One side of the discussion worries—and rightly so—that any precedent allowing the constriction of free expression will lead to more controls. This is the “slippery slope” argument.

The other side argues that those who transmit news and ideas have a responsibility to protect readers by vetting their content.

The Supreme Court, time after time, has permitted objectionable speech because to do so would have a “chilling effect” on everyone's right to speak freely. The court decided free speech is so valuable it is worth it to cope with horrible speech.

There are calls and pressures coming to bear that demand Amazon take on the burden of deciding what is acceptable speech.
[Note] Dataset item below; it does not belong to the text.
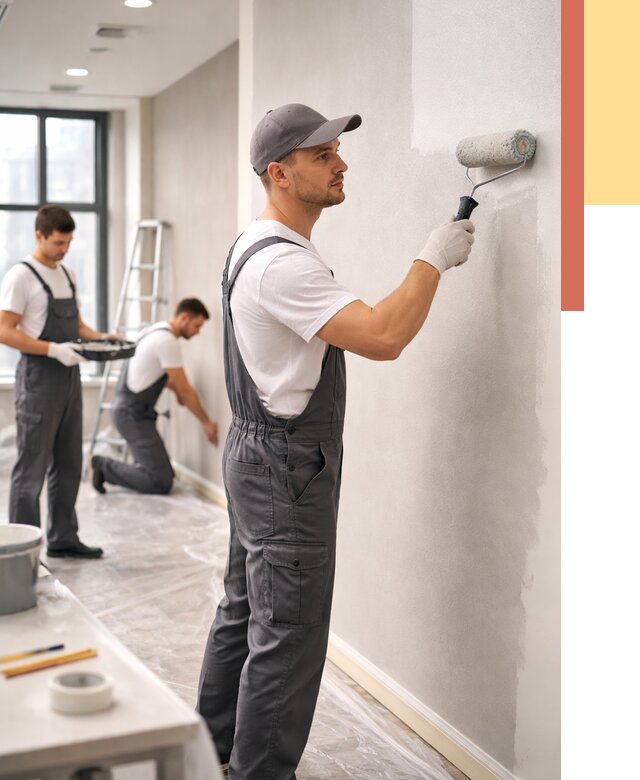 Покраска стен в офисе в Пскове от 8628 руб. — быстро и недорого | ОТДЕЛОЧНИК-Пск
Others, while repudiating the pedophile book, argue that it is too dangerous to give that power to any company, or to any government body.

Amazon, in the words quoted by TechCrunch, tried valiantly to keep in its own patch which is the business of selling books, saying: “Amazon does not support or promote hatred or criminal acts, however, we do support the right of every individual to make their own purchasing decisions.”

Ever since Justice Oliver Wendell Holmes wrote in 1919 that Charles Schenck did not have the right to oppose the military draft in print (Schenck lost), fierce arguments break out each time ideas appear in print that offend or threaten the majority. That is a very good thing.

America's “policy” is that speech should be free and unhampered by any restraints. That's stated in our Bill of Rights, the First Amendment. But the Founding Fathers left it to us to argue it ought on a case-by-case basis.

And that's what we're doing this week.

We, as a nation, cannot ignore the heart of darkness and evil by keeping it out of print. We won't know where and how to light a candle of sanity if we cannot look into the abyss and see it for the nightmare it is.

Beyond that, as citizens, we have an obligation to look—at least some of us must be able to look.

Had more people looked at a book titled Mein Kampf (My Struggle), written in a jail cell by a failed Corporal, back in the 1920s and early 1930s, then perhaps World War II and the deaths of millions would not have become part of our history.

So this is the wonderful noise we are hearing and reading today, especially on Veteran's Day. We say in our nation, “Let freedom ring.” The truth is, we must ring that bell individually, for ourselves, as we are not doing in passionate debate.

Nations around the globe will watch this debate and shake their heads in wonder or dismay. Many will not understand how such a book could even be published. Many will not comprehend how the author might escape punishment.

And many will will no doubt wonder why a nation armed to the teeth as guaranteed by the Second Amendment even has to deal with the free speech issues guaranteed by the First Amendment.

The could logically think that in a nation awash with guns, armed neighbors and friends would be ample “chilling effect” to curb the more outrageous expressions of free speech.

We shoot off our mouths around armed people who do not shoot off their guns in response.

Go figure.

And happy Veterans Day to fellow veterans from all conflicts and all peacetime years.